Preval Meadow Fescue
~ Medium Maturity
~ Excellent Rotational Grazing
~ Excellent Palatability/Digestibility
~ Wide, Succulent Leaves
~ High Yielding
~ Tolerates Wet Soils
~ Improved Winter-Hardiness compared to Orchardgrass & Tall Fescue
~ Good Regrowth
~ Tolerates Close Grazing
Preval is a great "new" grass to use in the northern USA. Meadow fescue comes mainly from northern Europe and mountainous regions of southern Europe and was introduced to the United States and Canada in the early 1800's. Meadow fescue works well in MIG (managed intensive grazing) situations and is a good choice for hay production where "winter kill" is an issue.
Preval meadow fescue (Festuca pratensis Huds) was developed from ecotypes from Switzerland and France. Preval combines good forage yield with improved resistance to diseases. Preval exhibits good winter hardiness and summer production. Preval will produce long, wide leaves making it an excellent choice for haying or pasture.
Preval can be used in forage blends to improve summer productivity for grazing or hay production.
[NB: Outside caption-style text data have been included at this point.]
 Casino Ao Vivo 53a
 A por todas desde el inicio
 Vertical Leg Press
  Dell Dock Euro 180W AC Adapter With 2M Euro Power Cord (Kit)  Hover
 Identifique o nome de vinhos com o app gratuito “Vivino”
Like most meadow fescue, Preval has an early spring growth, with a regrowth consisting mainly of leafy shoots. It is suitable for both cutting and grazing.
Varieties of meadow fescue tested by the University of Wisconsin have been consistently higher in neutral detergent fiber digestibility than certain tall fescue and orchardgrass varieties.
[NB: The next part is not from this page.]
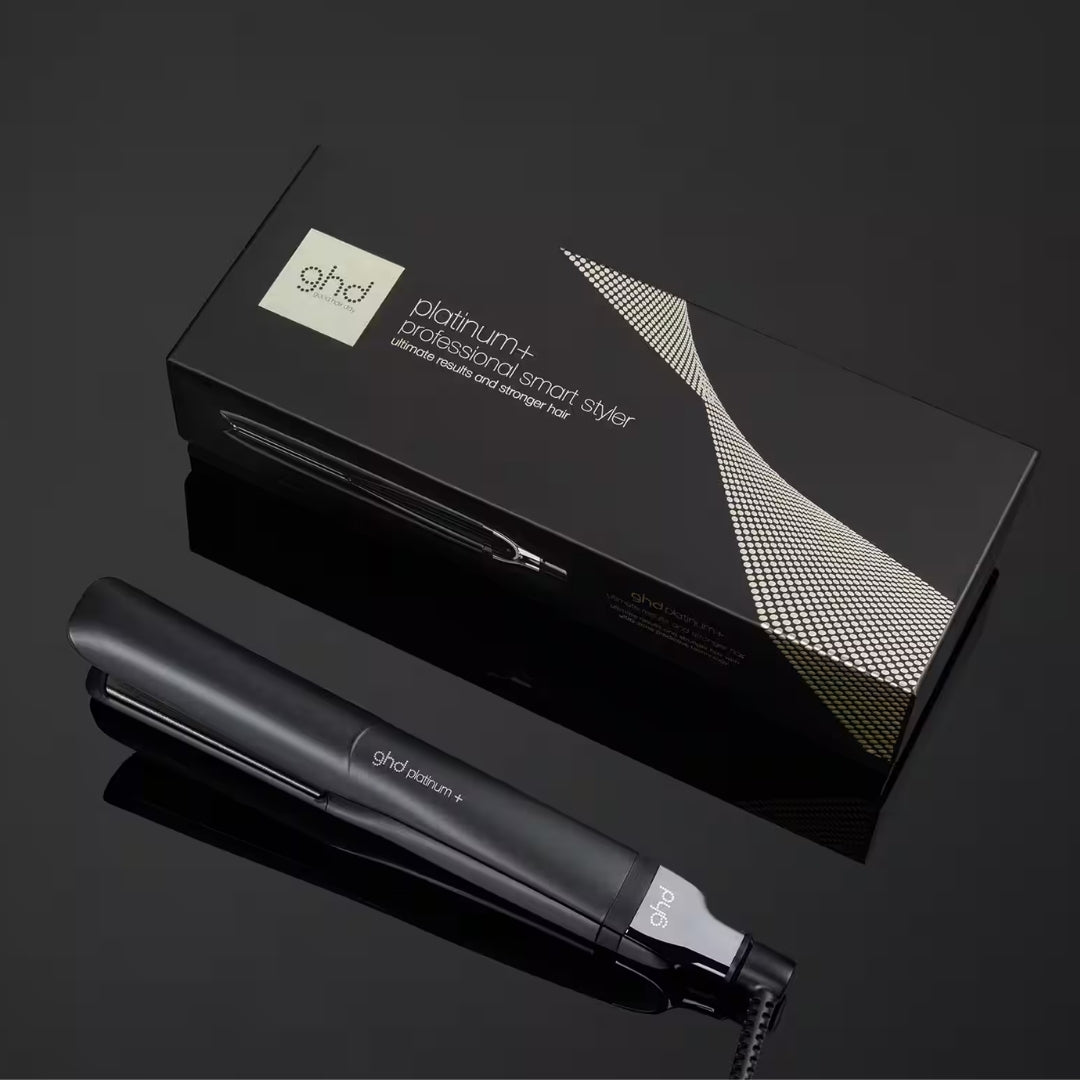 GHD Platinum Plus Styler Bianca Ricondizionata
Although meadow fescues do contain endophytes they show no signs of having detrimental effects on livestock. Meadow fescue endophyte produces only the protective alkaloids that contribute to heat and drought tolerance, while tall fescue endophytes produce both protective and harmful alkaloids.
New fields/pasture: 35-45 lbs./acre as pure stand; 10-15 lbs./acre with other grasses; 35-45 lbs./acre with legumes.
With new alfalfa seeding: 2-3 lbs/acre.
Renovating/Overseeding existing fields/pastures:
~ Pastures: 30-40 lbs/acre.
~ Alfalfa Hay Field: 5-7 lbs/acre.
Method of Seeding:
Spring sowing is preferred. Use of a Brillion seeder, a no-till drill or a culti-packer is ideal. Frost seeding and broadcast seeding in winter, timed with moist soil can work well, especially if the animals are allowed to "hoof" it into the existing pasture. Seed to soil contact is vital to having a successful stand. Plant ¼" deep. Preval establishes rapidly, but plants should be firmly rooted prior to first grazing.
Protein content is highly influenced by nitrogen fertility. When available, legume-derived nitrogen is preferred - i.e. use of Kopu II white, or Starfire II red clover. If no legume-derived nitrogen is available, apply commercial fertilizer or manure at a rate of 50# N/a at planting time and approximately every other grazing. If machine harvesting, 50# N/a should be applied at green-up and after each cutting. Finally, follow soil test recommendations.
Grazing & Harvest Tips:
Preval is more palatable then tall fescue so watch for over grazing. Rotational grazing is preferred and will increase yields and animal performance, as well as ensure stand longevity. Graze at approximately 10-12 inches and remove animals when at 3-4 inches. When grazing Preval, reduce grain levels and consider adding more fiber to the ration. For high quality hay, harvest at boot stage.